Chinese scientists have proposed using the quality of the eye, termed "LensAge", to predict the risk of major diseases.
Lin Haotian, a professor at Guangzhou-based Zhongshan Ophthalmic Center of Sun Yat-sen University, and his team published their research in the magazine Nature Communications on Nov 6.
"The research result provides innovative medical technologies and service models for intelligent health management and improves the level of prevention, control and treatment of age-related diseases," Lin said, adding that it has great significance in preventing diseases and death.
Aging is closely related to the health status of the body and the risk of disease, and global population aging is becoming increasingly severe, making the assessment of aging levels crucial for health management, he said.
According to official estimates, the number of people aged 60 or above worldwide is expected to triple from 2017 to 2100, reaching 3.1 billion.
However, aging is influenced by multiple factors such as genetics, environment and lifestyle, according to Lin. Thus a simple chronological age cannot accurately reflect individual aging, and individuals at the same chronological age may have different aging rates.
Biological age is an important quantitative indicator for aging assessment, but there is a lack of convenient and efficient evaluation methods at the moment, Lin said.
"LensAge" examines characteristic changes to the lens in the eye during aging, such as cataracts, which can be easily and objectively captured by imaging examinations, making it an important window for evaluating aging, according to Lin's research findings.
To this end, Lin's team successfully developed the biological age intelligent assessment technology based on large sample images of the lenses of individuals aged from 20 to 96 in collaboration with multidisciplinary research teams both domestically and internationally, it said.
Lin said the human lens, located in the anterior segment of the eye, is transparent under normal conditions and exchanges substances with the vitreous through the aqueous humor cycle.
"We used lens photos to develop 'LensAge', which reflects lens aging through deep learning and it is closely related to the actual ages of relatively healthy individuals," he said.

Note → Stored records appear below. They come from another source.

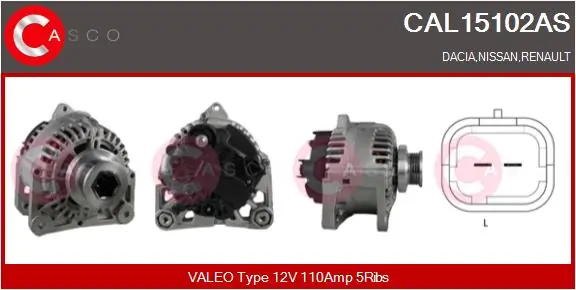 Alternator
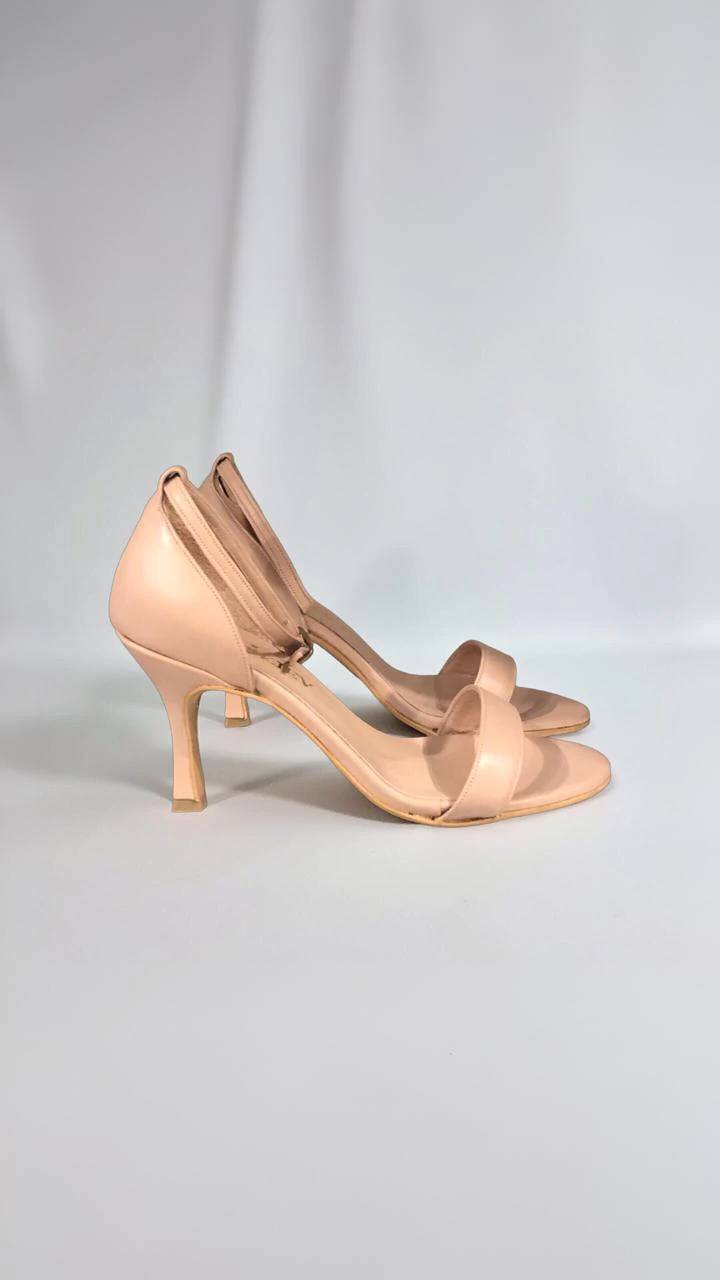 Sandalia Ana Nude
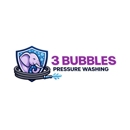 3 Bubbles Pressure Washing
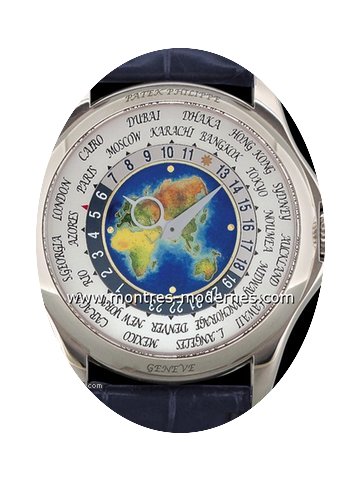 Patek Philippe World Time Réf.5131g...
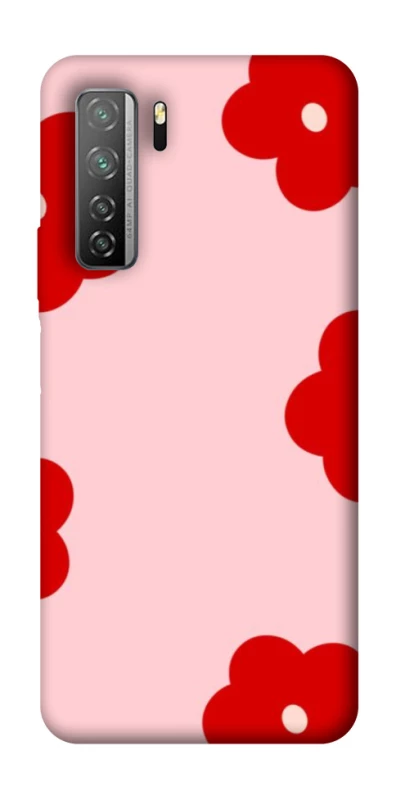 Чохол на Huawei Nova 7 SE Flowers фото 1 з 1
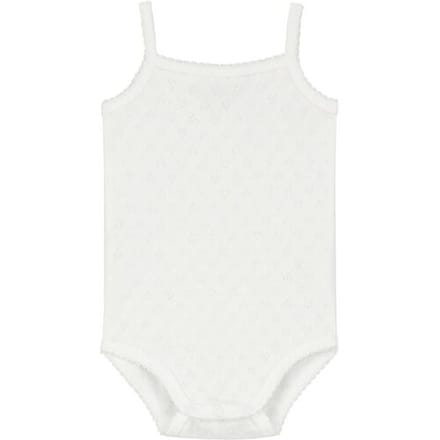 Prénatal romper ajour Ivory White 74/80 dames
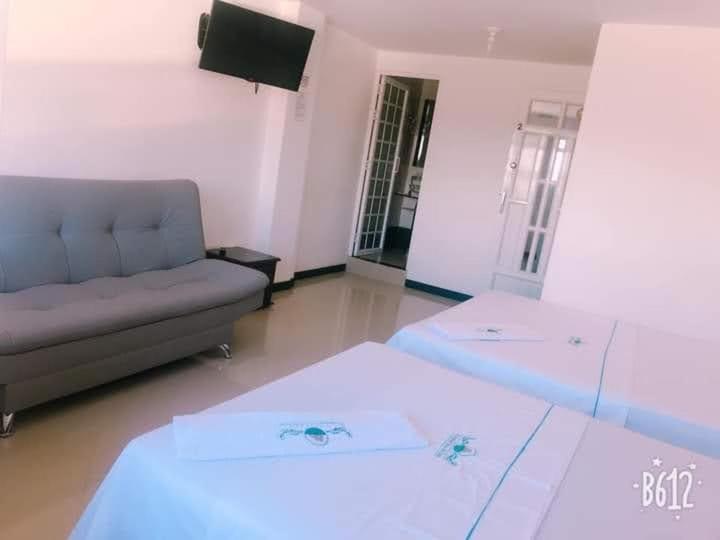 Apartahotel El Horizonte - Habitación Doble - 2 camas dobles - 4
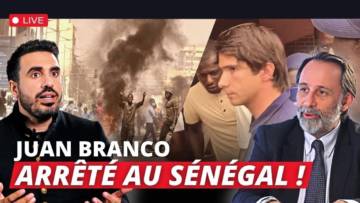 L’arrestation de Juan Branco est un crime moral! | Idriss Aberkane avec Alexis Poulin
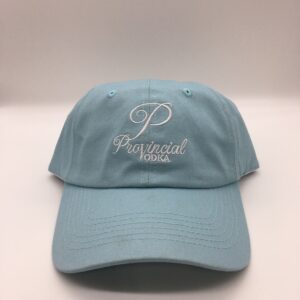Provincial Vodka Light Turquoise Hat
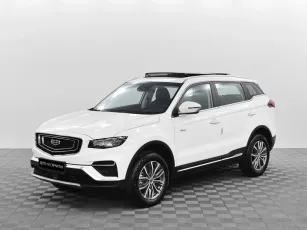 Geely Atlas Pro, I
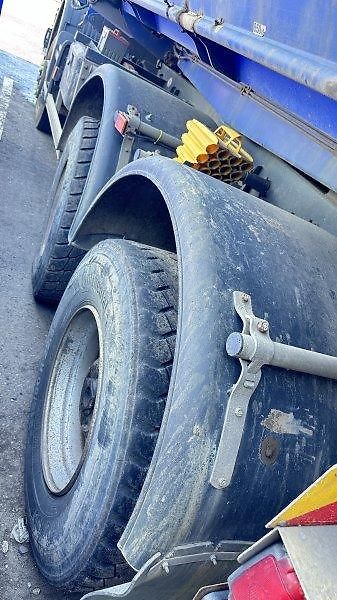 Scania (2017) P410 bourané 6x4 sklápěč  - fotka 6 z 10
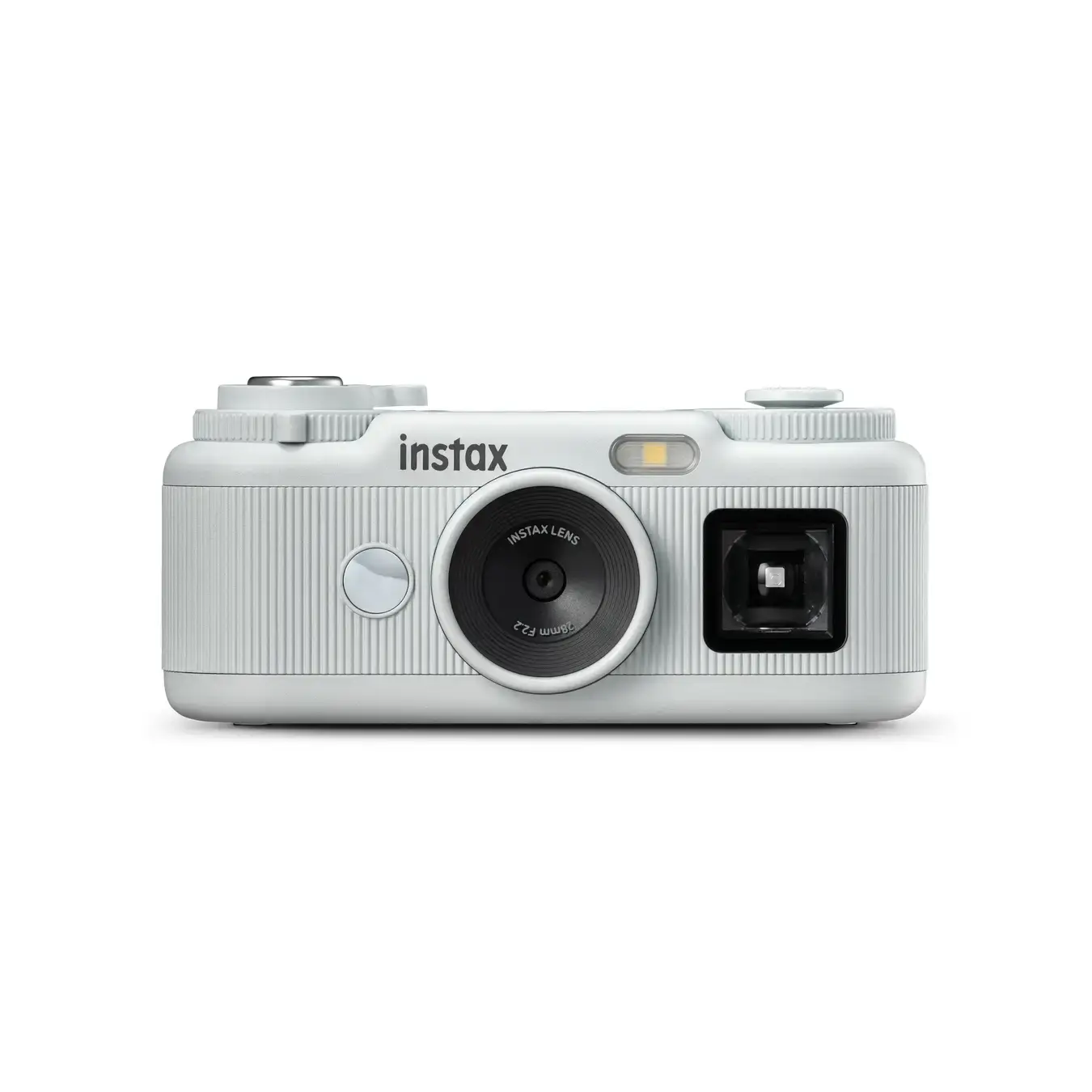 手のひらチェキ「instax Pal 2」登場 ファインダー搭載で本格的な撮影
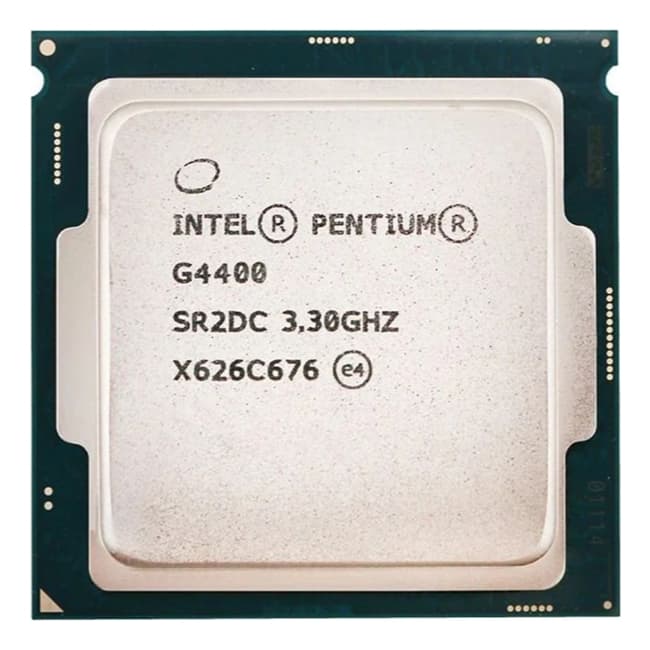 Processador Intel G4400 3.30Ghz - USADO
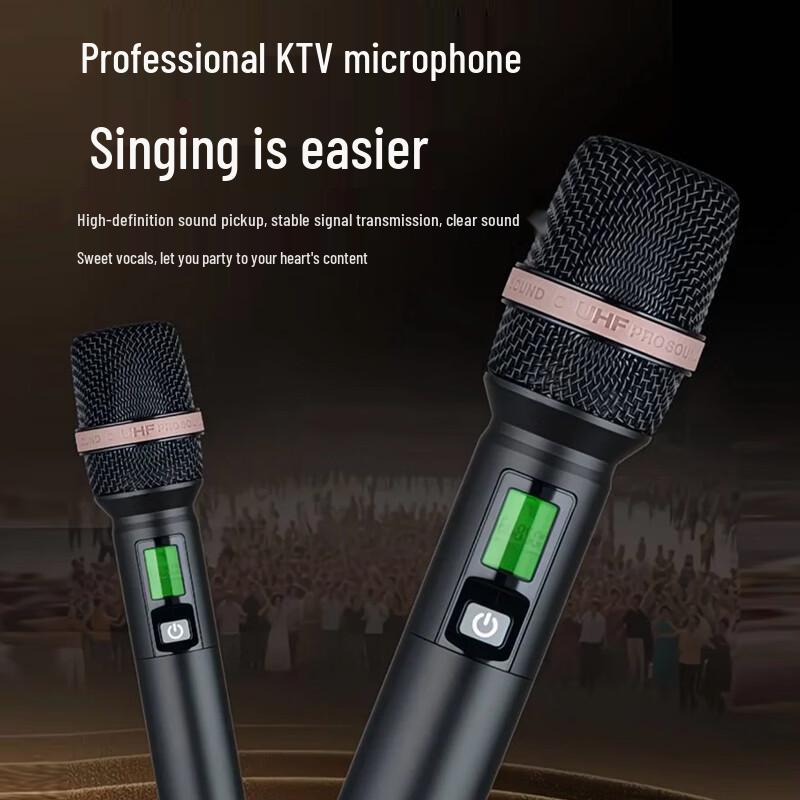 Xunwei Professional Portable Active PA Speaker with Microphone (CN Version)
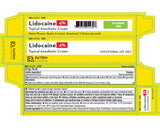 Boîte 15 g Patrin Pharma lidocaïne: format pratique à emporter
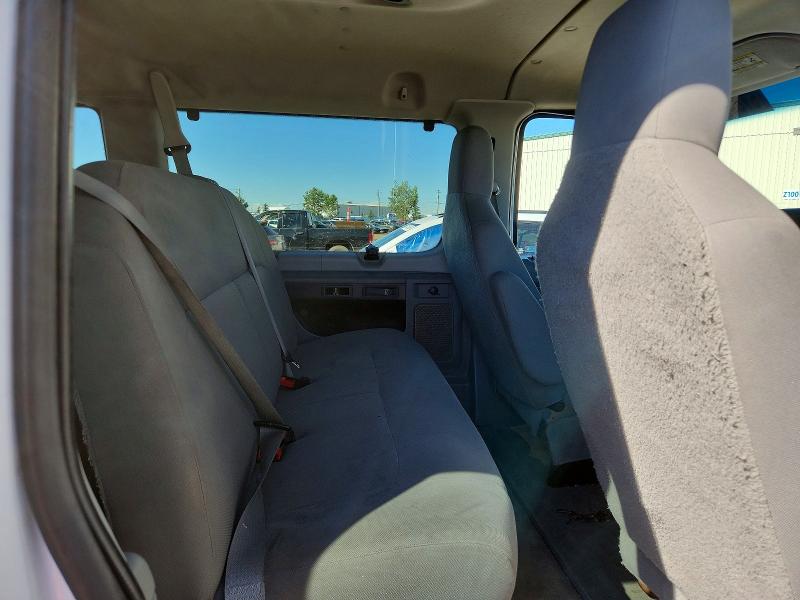 Продажа на аукционе авто 2012 Ford Econoline, vin: 1FBSS3BL5CDA25019, номер лота: 57853506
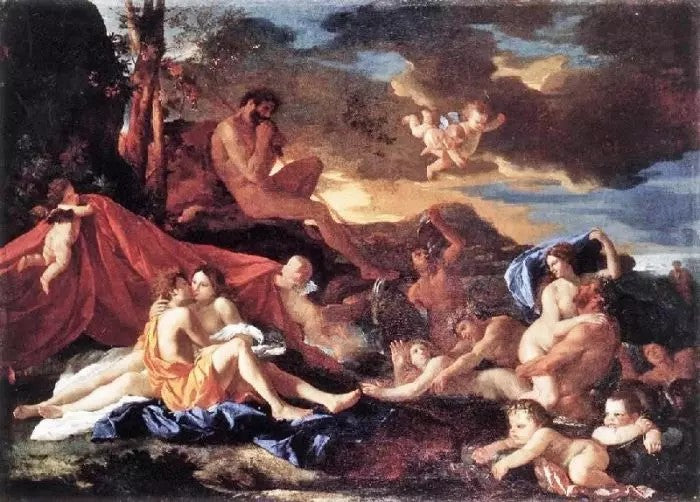 ACIS AND GALATEA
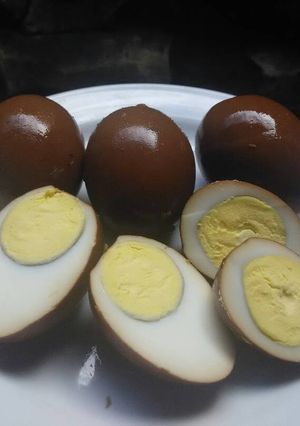 Foto resep Pindang telur Gudeg diet mayo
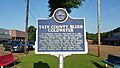 Tate County Blues- Coldwater - Mississippi Blues Trail Marker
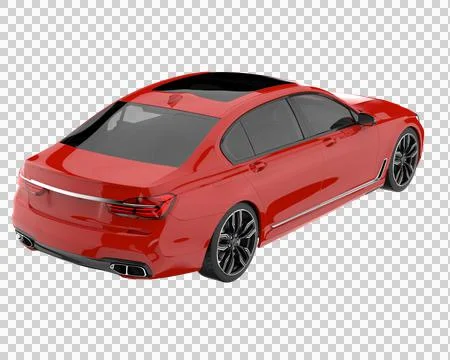 Luxury car Stock Illustration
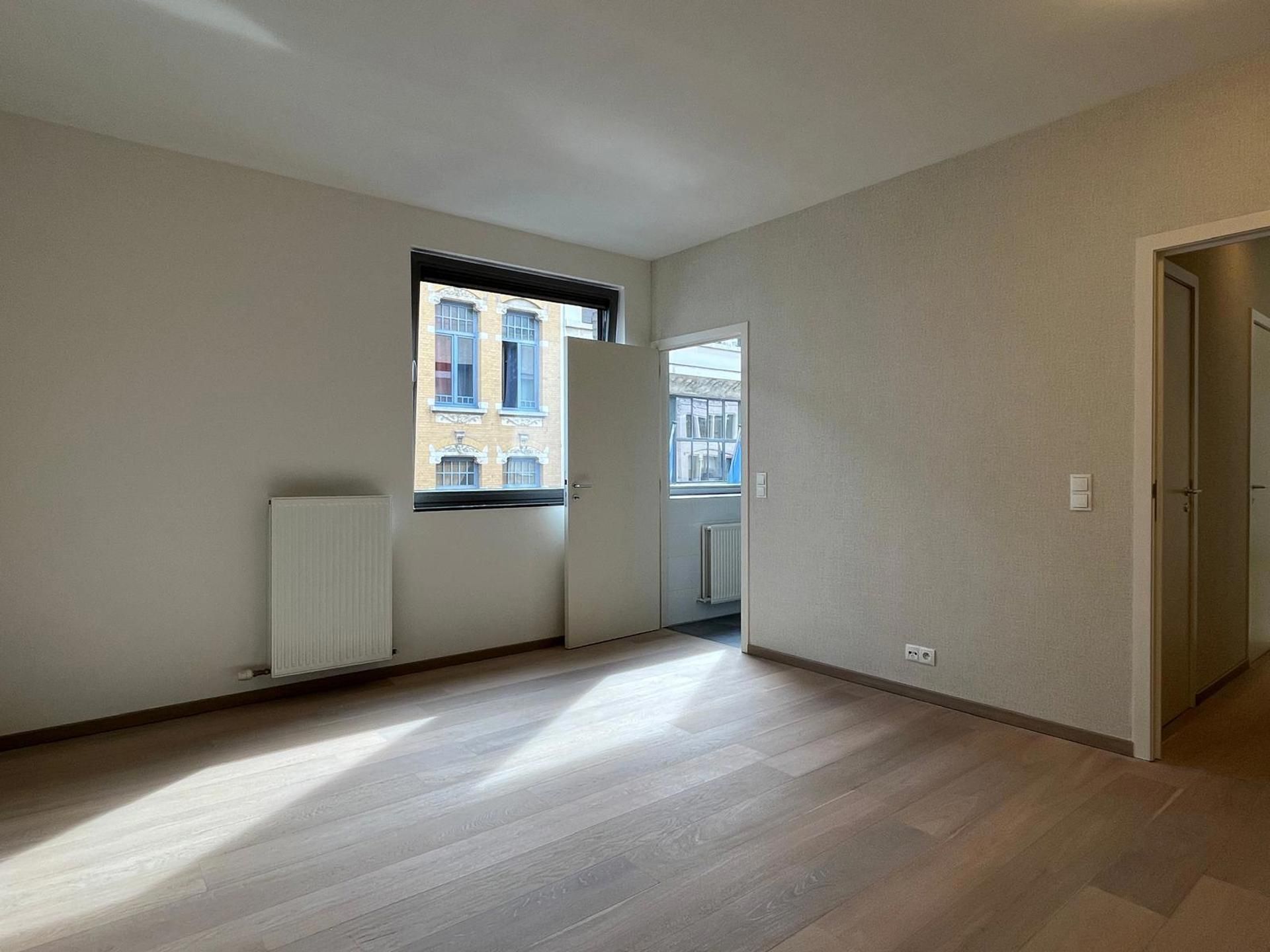 Prachtig, lichtrijk appartement in hartje Antwerpen foto 9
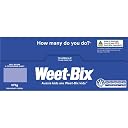 Weet-Bix Breakfast Cereal, 575g, 97% Wholegrain, Low Sugar, High Fibre, Australian Made gallery image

"LensAge" has been proved not only to reveal eye aging such as decreased vision, cataracts and vitreous opacity, but also to predict the risk of age-related systemic major diseases, including diabetes, high blood pressure, coronary heart disease and cancer.
Lin's research team confirmed that "LensAge" can effectively predict the all-cause mortality rate of individuals by following up and tracking the health status of the enrolled population and the occurrence of age-related events such as death, providing an important basis for evaluating age-related health status.